We have, heretofore, filed a per curiam order affirming the action of the trial court. We now state our reasons therefor.

*196 This is an appeal from a judgment entered by the Superior Court of Baltimore City denying the issuance of a Writ of Mandamus against the Board of Supervisors of Elections of Baltimore City, and declaring, pursuant to Article 31A of the Annotated Code of Maryland, that: (a) The Board of Supervisors of Elections of Baltimore City properly and validly accepted the certificate of candidacy of Theodore R. McKeldin for the nomination of the Republican Party for the office of Mayor of Baltimore City; (b) the Board of Supervisors of Elections of Baltimore City shall include the name of Theodore R. McKeldin on the official ballot at the primary election to be held in Baltimore City on March 3, 1959, as a candidate for the Republican nomination for Mayor of Baltimore City; (c) Theodore R. McKeldin meets the qualifications prescribed for the office of Mayor of Baltimore City by Section 7 of the Baltimore City Charter (1949 Edition) and, if elected, may lawfully hold said office.

Theodore R. McKeldin, who served as Governor of Maryland from January 10, 1951, until January 14, 1959, filed, with the Board of Supervisors of Elections of Baltimore City, his certificate of candidacy for the office of Mayor of Baltimore City in the Republican Primary Election to be held on March 3, 1959. The Board accepted the certificate, but its action was challenged by the appellants on the ground that Governor McKeldin had not been a resident of Baltimore City (sometimes hereinafter referred to as “the City”) for ten years next preceding the election scheduled for May 5, 1959, as required by Section 7 of the Baltimore City Charter.

A stipulation comprising an exhaustive factual catalogue relating to nearly every phase of the activities of Governor McKeldin and his family during his tenure as Governor was admitted in evidence in the court below. In brief outline it discloses: That prior to his election as governor in 1950, Governor McKeldin was a legal voter and resident of Baltimore City; that during his two terms as governor, he did not actually live in Baltimore City, but lived, with his family, at the Government House in Annapolis; that on February 29, 1952, pursuant to an opinion issued by a former attorney general to a former governor (21 Op.

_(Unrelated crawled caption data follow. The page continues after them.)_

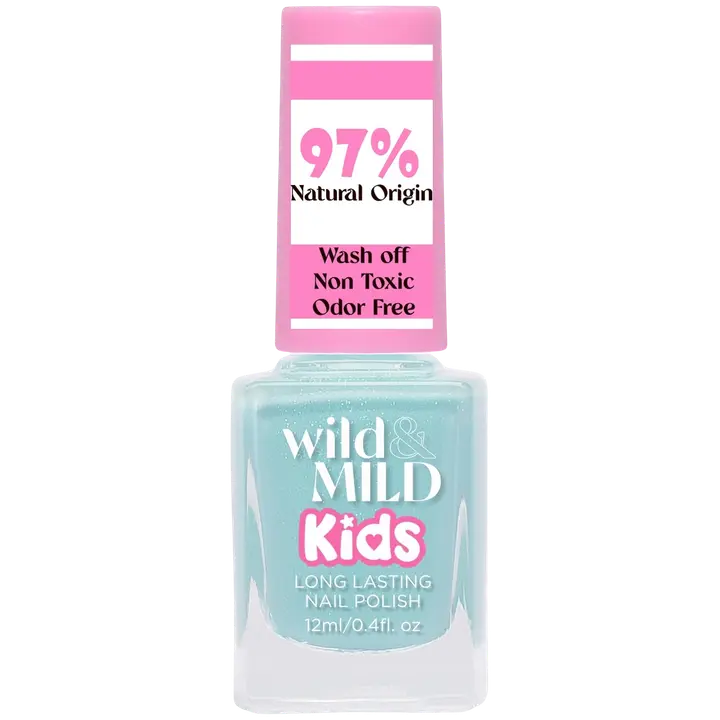 Wild&Mild Kids nail polish KC001 Bubble Lagoon 12ml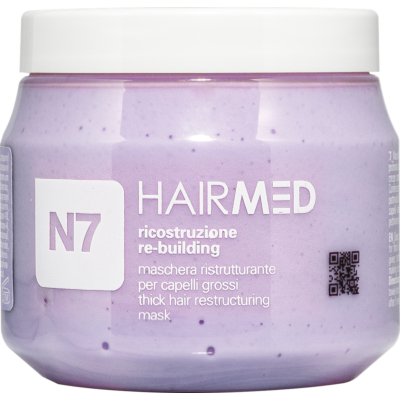 N7 Rekonstruktionsmaske für dickes Haar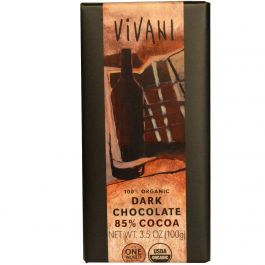 Čokoláda horká 85%, Vivani, 80g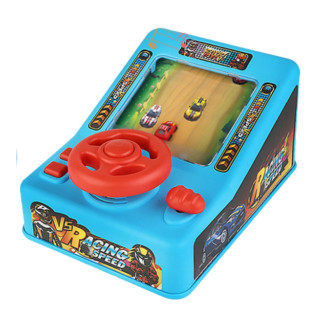 Interaktywny symulator jazdy kierownica zmiana prędkości dźwięki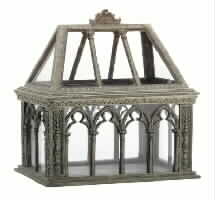 Gothic  Rectangle Greenhouse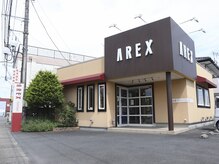 アレックス フェリークの雰囲気(茶色の看板が目印◎)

A. G. 386) to the effect *197 that the former governor could not vote in Baltimore City-while he was governor and because many other governors had registered and voted in Annapolis during their terms, Governor McKeldin registered as a voter in Annapolis, and thereafter voted in both state and municipal elections; that he filed his state income tax returns from 1951 through 1958, giving his residence as Annapolis; that he opened a bank account in Annapolis; that he was listed as having a home address in the Annapolis telephone directory; that he had a substantial part of his home furniture crated and stored in the Government House at Annapolis; that he changed his motor vehicle registration cards and operator’s permit from his Baltimore address to Annapolis; that he applied for and was granted a non-resident membership in the Baltimore Country Club, which required the applicant to live beyond a certain radius from Baltimore City.

The stipulation further discloses: That during his tenure of office as governor, Governor McKeldin maintained 13 bank and building association accounts in Baltimore City; that he maintained a safe deposit box there, but none in Annapolis; that he was an active participating member in 31 civic, fraternal and communal organizations in the City prior to assuming the office of governor and has remained a member of each of said organizations; that while governor he actively participated in innumerable charitable campaign drives in the City, as well as making many personal contributions thereto; that he has continuously maintained a personal office in Baltimore City in addition to his official one; that while governor he purchased and sold several residential properties in the City; that, while he did not actually live in Baltimore City, he, at all times, owned a residence there; that a number of items of household furniture and furnishings were stored with members of his family in Baltimore City; that his regular physicians and dentists maintained offices in the City, where the governor and his family received treatment except in emergencies; that the governor and his wife have maintained charge accounts at all leading department stores of the City, and neither has ever had any charge accounts, other than with grocers, in Annapolis; that the governor’s children *198 were enrolled and attended the public schools of the City; that the governor, on several occasions, wrote friends stating that he intended to live in Baltimore City again as soon as his term as governor was completed; that Governor McKeldin is now a registered voter in Baltimore City; and that Mrs. McKeldin maintained her personal and social contacts and .activities in Baltimore City during her husband’s terms as governor.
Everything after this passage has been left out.